By default, OpenTelemetry samples all traces, but you can configure it to sample a portion of traces. In that case, backends use the sampling probability to adjust the number of spans.
Head-based sampling is efficient and accurate but not very flexible. It does not account for traffic spikes and may collect more data than desired. This is where rate-limiting sampling becomes handy. It ensures that backends do not exceed certain limits when receiving spans from clients.
Rate-limiting sampling
Rate-limiting sampling happens on the server side and ensures that you don't exceed certain limits, for example, it allows to sample 10 or less traces per seconds.
Rate-limiting sampling supports adjusted counts but the accuracy is rather low. To achieve better results and improve performance, you should use rate-limiting sampling together with head-based sampling which is more efficient and accurate.

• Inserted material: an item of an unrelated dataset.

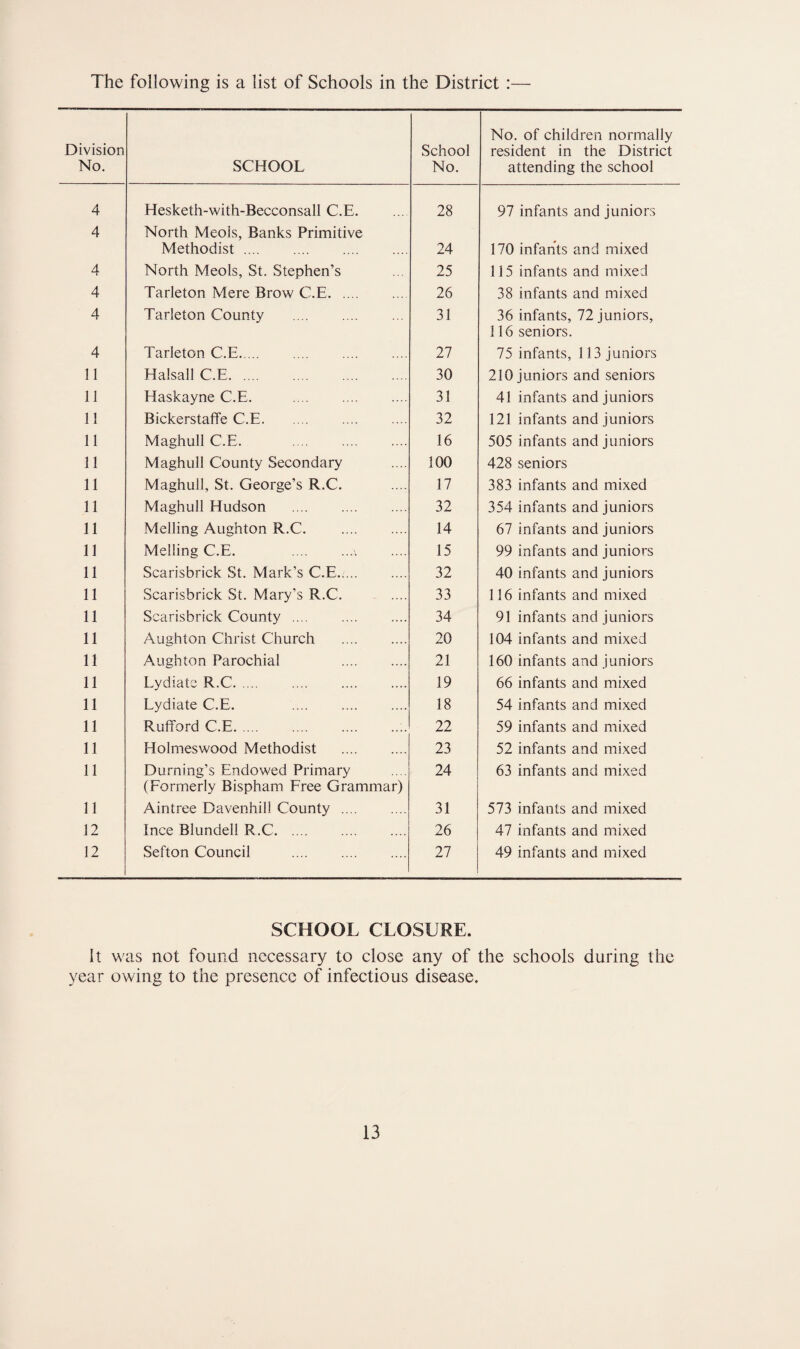 The following is a list of Schools in the District :— Division No. SCHOOL School No. No. of children normally resident in the District attending the school 4 Hesketh-with-Becconsall C.E. 28 97 infants and juniors 4 North Meois, Banks Primitive Methodist. 24 170 infants and mixed 4 North Meois, St. Stephen’s 25 115 infants and mixed 4 Tarleton Mere Brow C.E. 26 38 infants and mixed 4 Tarleton County . 31 36 infants, 72 juniors, 116 seniors. 4 Tarleton C.E. 27 75 infants, 113 juniors 11 Halsall C.E. 30 210 juniors and seniors 11 Haskayne C.E. . 31 41 infants and juniors 11 Bickerstaffe C.E. 32 121 infants and juniors 11 Maghull C.E. . 16 505 infants and juniors 11 Maghull County Secondary 100 428 seniors 11 Maghull, St. George’s R.C. 17 383 infants and mixed 11 Maghull Hudson . 32 354 infants and juniors 11 Melling Aughton R.C. . 14 67 infants and juniors 11 Melling C.E. .. 15 99 infants and juniors 11 Scarisbrick St. Mark’s C.E. 32 40 infants and juniors 11 Scarisbrick St. Mary’s R.C. 33 116 infants and mixed 11 Scarisbrick County. 34 91 infants and juniors 11 Aughton Christ Church . 20 104 infants and mixed 11 Aughton Parochial . 21 160 infants and juniors 11 Lydiate R.C. 19 66 infants and mixed 11 Lydiate C.E. . 18 54 infants and mixed 11 Rufford C.E. 22 59 infants and mixed 11 Holmeswood Methodist . 23 52 infants and mixed 11 Durning’s Endowed Primary (Formerly Bispham Free Grammar) 24 63 infants and mixed 11 Aintree Davenhill County . 31 573 infants and mixed 12 Ince Blundell R.C. 26 47 infants and mixed 12 Sefton Council . 27 49 infants and mixed SCHOOL CLOSURE. It was not found necessary to close any of the schools during the year owing to the presence of infectious disease.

Most backends (including Uptrace) automatically apply rate-limiting sampling when necessary.
Tail-based sampling
With head-based sampling the sampling decision is made upfront and usually at random. Head-based sampling can't sample failed or unusually long operations, because that information is only available at the end of a trace.
With tail-based sampling we delay the sampling decision until all spans of a trace are available which enables better sampling decisions based on all data from the trace. For example, we can sample failed or unusually long traces.
Most backends (including Uptrace) automatically apply tail-based sampling when necessary, but you can also use OpenTelemetry Collector with tailsamplingprocessor to configure sampling according to your needs.